Вопросительный знак показался им сдохнуть каким смешным. Обоих несло. Им это нравилось.
— Иди спать, Тед. Злым не ложись.
— Ладно.
— Злым просыпайся.
— Годный совет, пап.
Оба уже хрипели, никак не в силах обороть смех.
— Иди сюда, поцелуй старика на ночь.
Тед не сдвинулся. Он сознавал, что не хочет прикасаться к отцу, словно оба — оголенные провода, и от контакта случится удар током, будто они — магниты и тыкаются друг в друга отталкивающимися полюсами. Марти почуял это первобытное отторжение и сказал: — Никто не прикасается к старикам и больным.

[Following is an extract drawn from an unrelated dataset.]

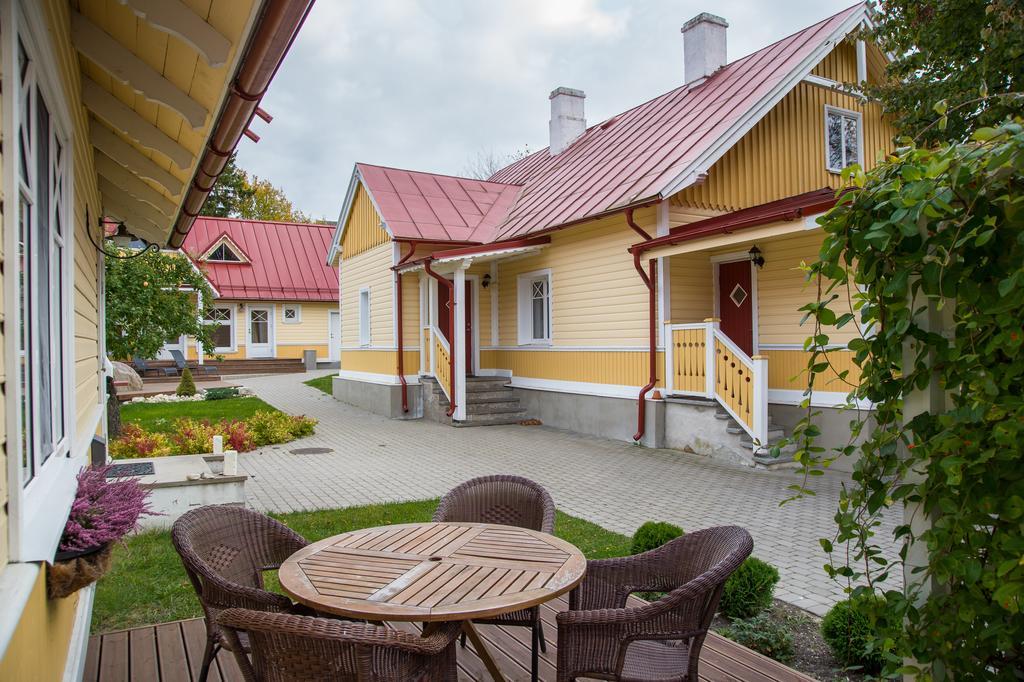Posti Hostel Kärdla Exterior photo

Тед обмяк и шагнул к нему, приложил губы к отцову лбу. Кожа холодная, влажная, безжизненная. Они едва друг друга видели. В темноте любить друг друга безопасно, подумал Тед. В темноте не видно, как сильно они любят друг друга, как они вечно все портили, не желали видеть эту пропасть нужды. Тед чувствовал, как отцова душа открывается поцелую — словно цветы, что растут лишь по ночам, подумал он без всякой иронии. Паслен. Паслен отец мой.
________________________________________________
(1) Гомосексуалист (идиш). (2) Отыметь; задница (идиш).